----- DATA LISTING -----

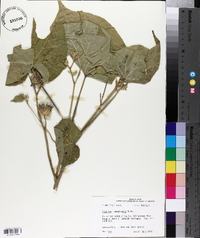 Abutilon theophrasti image
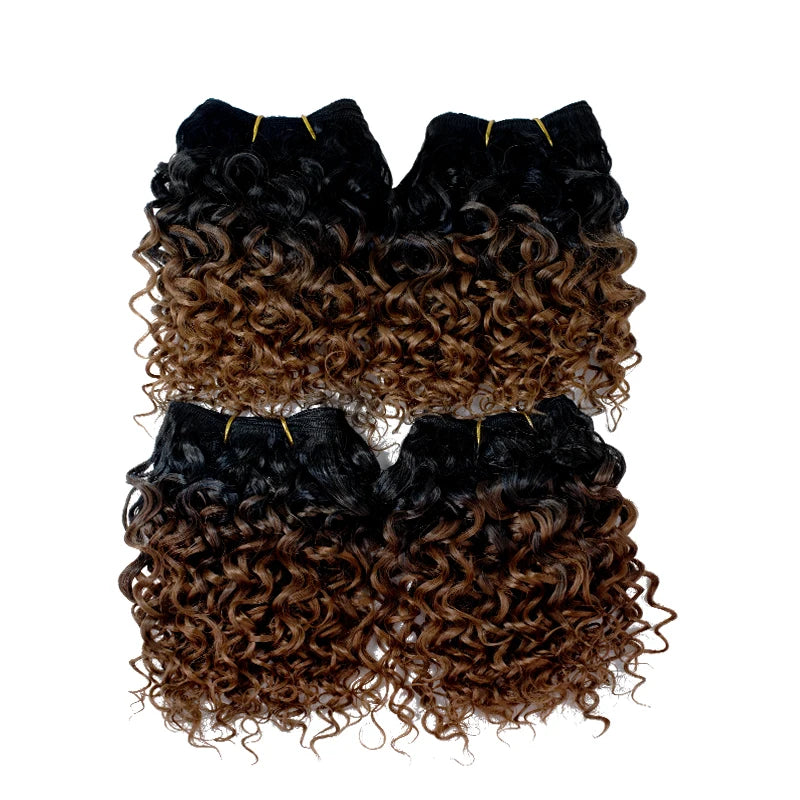Crown & Glory Wigs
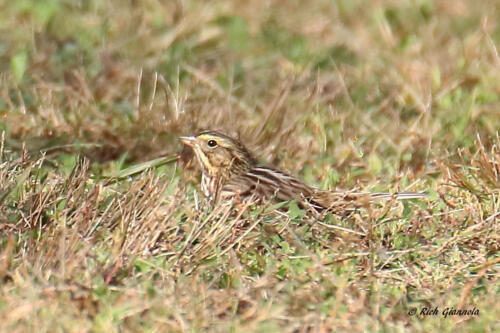 A half-hidden Savannah Sparrow 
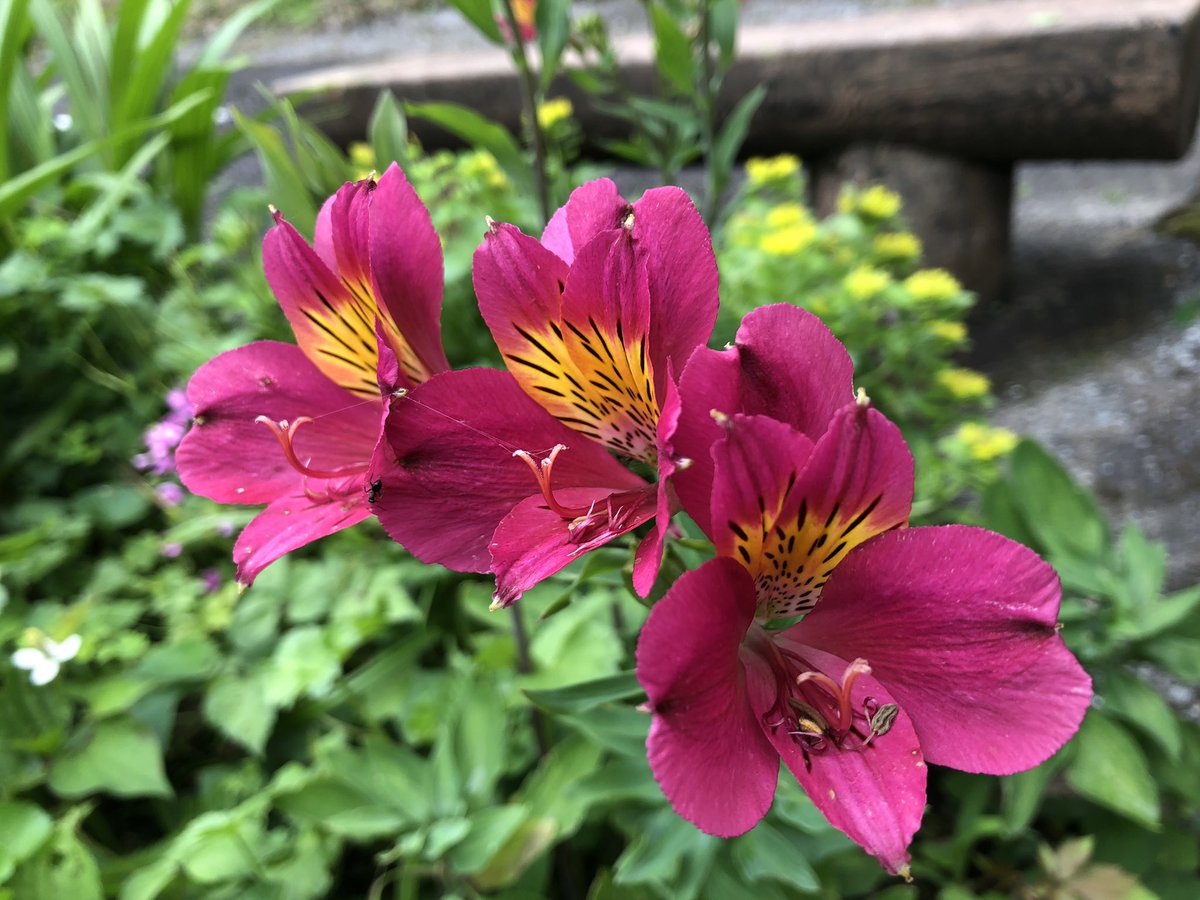 f:id:akiranngo:20190705233941j:plain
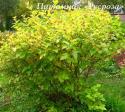 Пузыреплодник калинолистный "Наггет" (Physocarpus opulifolius "Nugget")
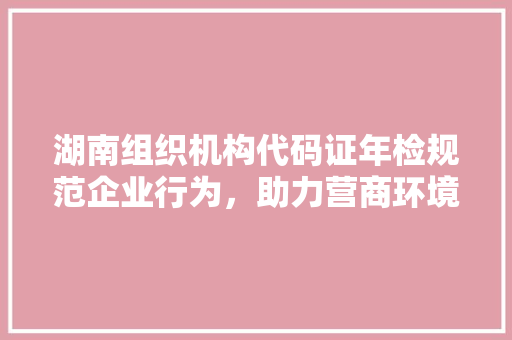 湖南组织机构代码证年检规范企业行为，助力营商环境优化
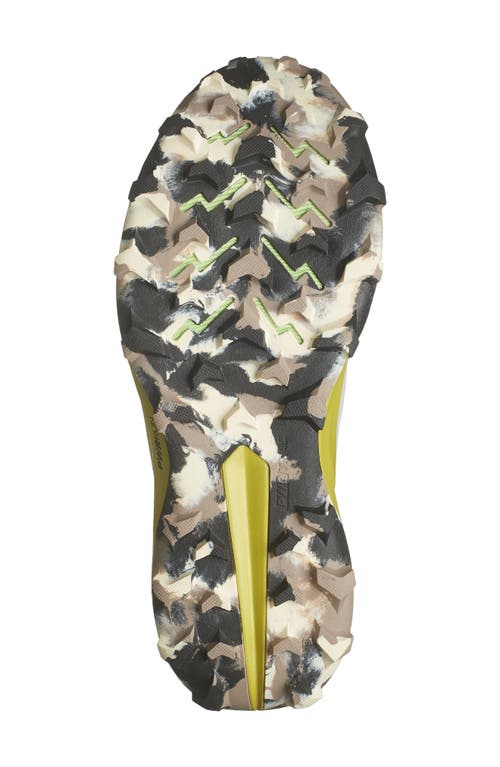 Saucony Peregrine 13 Running Shoe In Fog/clay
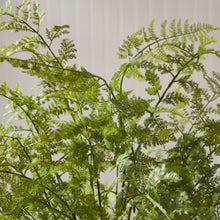 Load image into Gallery viewer, Soft Fern Drop in 36”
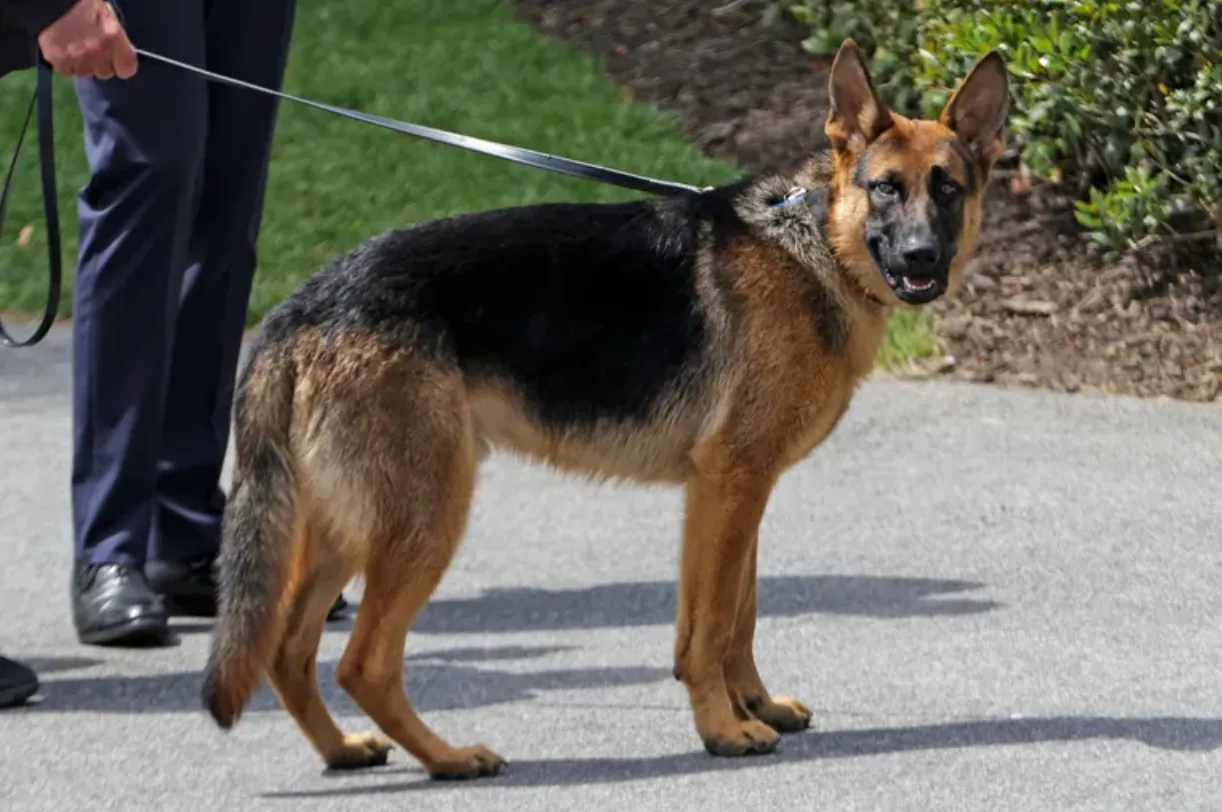 Собака Командор Собака Командор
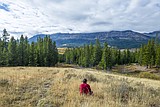 Helena Lewis and Clark national Forest closes campgrounds, rental cabins and day use areas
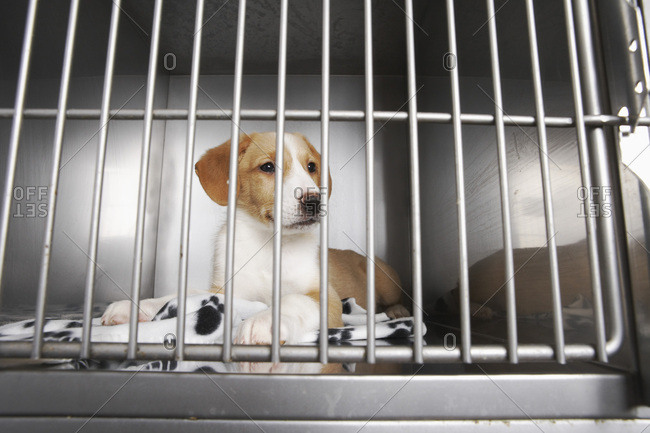 Puppy in Cage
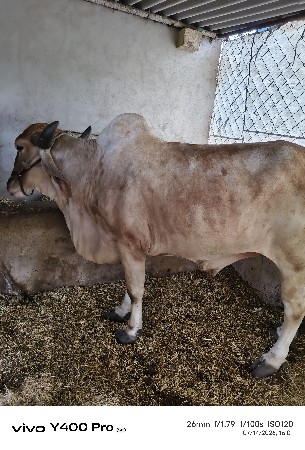 બળદ વેચવાના છે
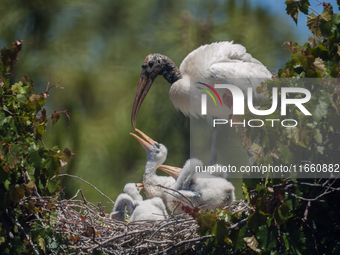 The wood stork (Mycteria americana) is a large wading bird in the family Ciconiidae. The wood stork is native to the subtropics and tropics...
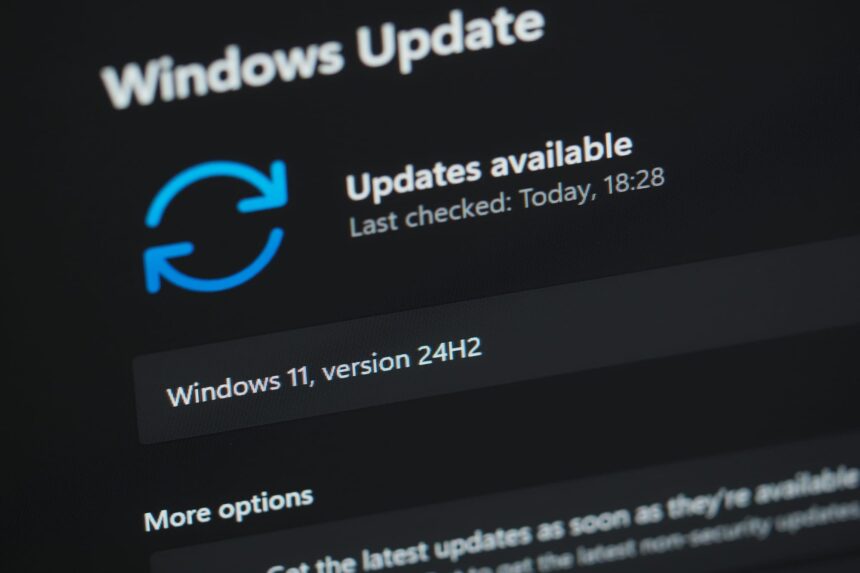 Windows 11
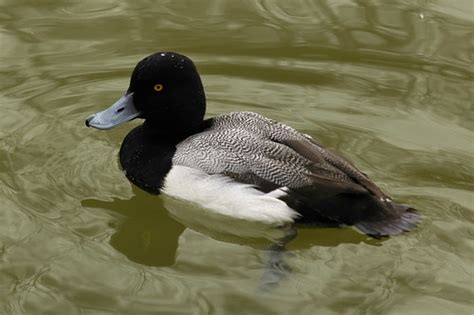 Lesser Scaup - Male | View Large | Brendan Lally | Flickr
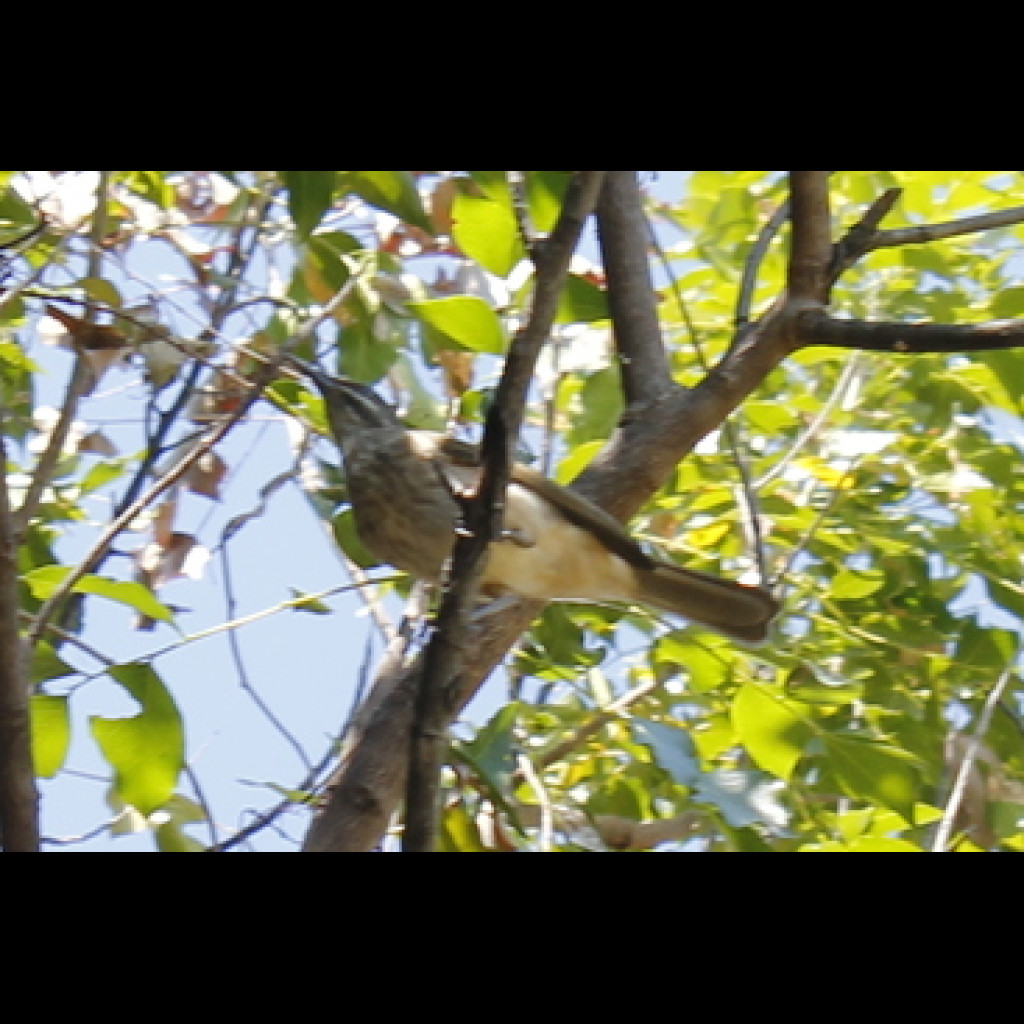 Kimberley Honeyeater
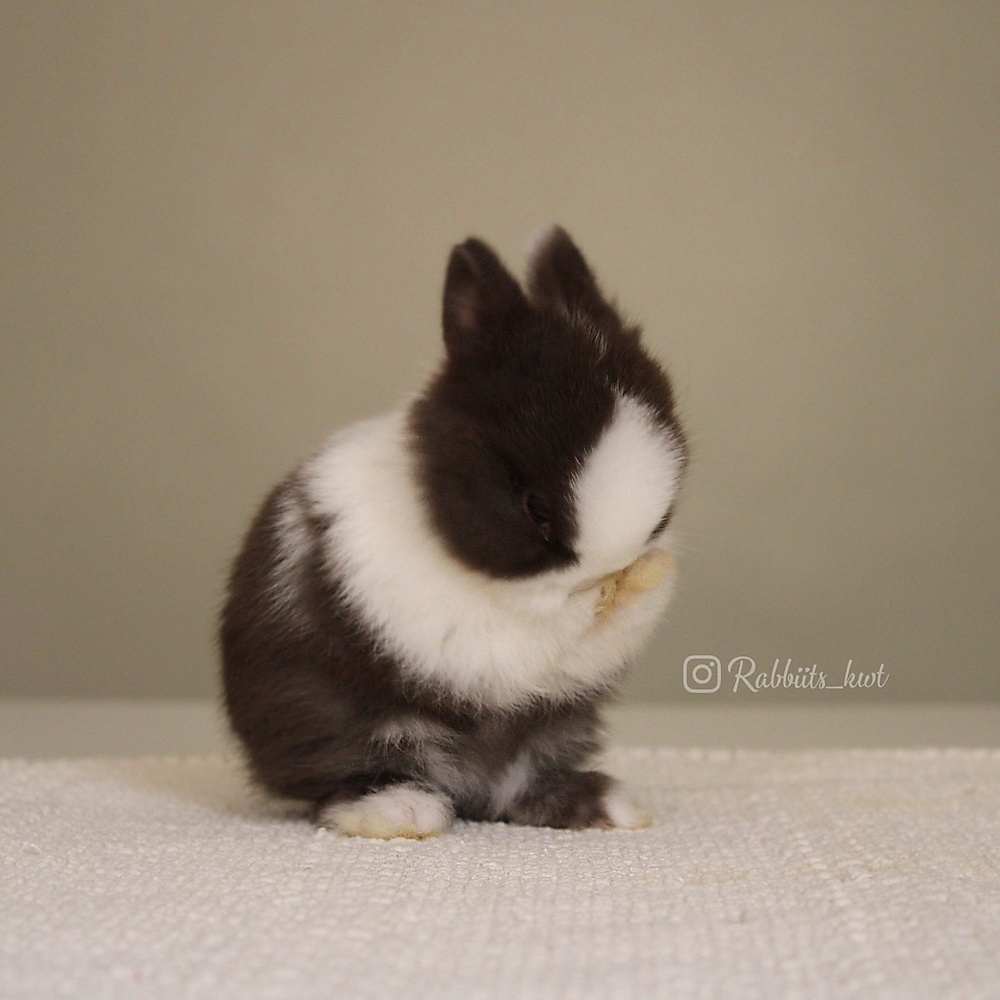 Netherland dwarf chocolate vm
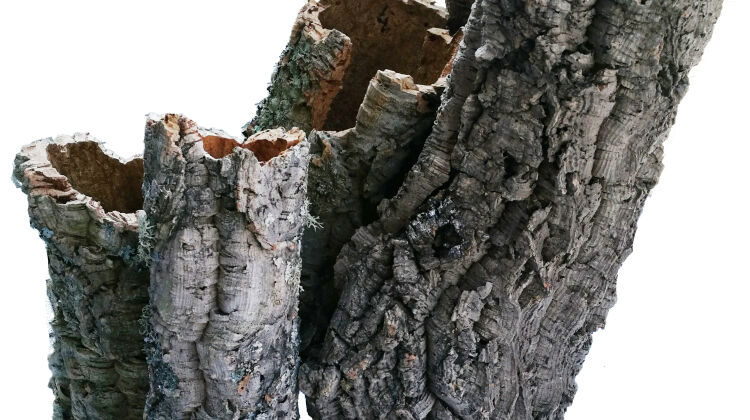 Prirodne plutene cijevi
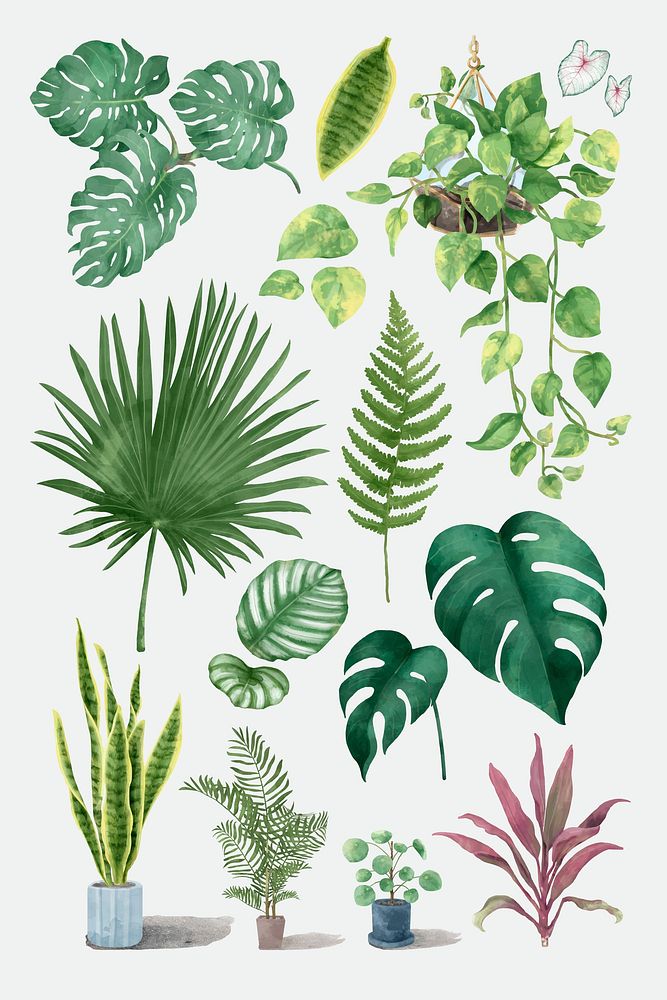 Vector watercolor tropical plant set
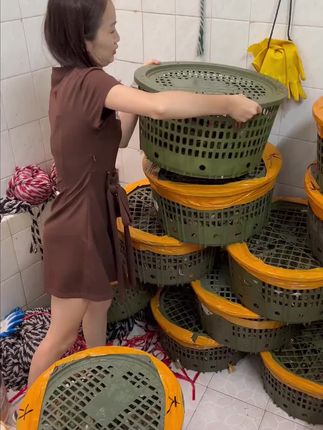 #青蟹 #源头好货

-----

◆ ABOUT THIS EXERCISE:
Reproduce the records in full and leave the images behind.

◆ TASK RESPONSE:
 Abutilon theophrasti image
Crown & Glory Wigs
 A half-hidden Savannah Sparrow 
 f:id:akiranngo:20190705233941j:plain
 Пузыреплодник калинолистный "Наггет" (Physocarpus opulifolius "Nugget")
 湖南组织机构代码证年检规范企业行为，助力营商环境优化
 Saucony Peregrine 13 Running Shoe In Fog/clay
 Load image into Gallery viewer, Soft Fern Drop in 36”
 Собака Командор Собака Командор
 Helena Lewis and Clark national Forest closes campgrounds, rental cabins and day use areas
 Puppy in Cage
 બળદ વેચવાના છે
 The wood stork (Mycteria americana) is a large wading bird in the family Ciconiidae. The wood stork is native to the subtropics and tropics...
 Windows 11
 Lesser Scaup - Male | View Large | Brendan Lally | Flickr
 Kimberley Honeyeater
 Netherland dwarf chocolate vm
 Prirodne plutene cijevi
 Vector watercolor tropical plant set
 #青蟹 #源头好货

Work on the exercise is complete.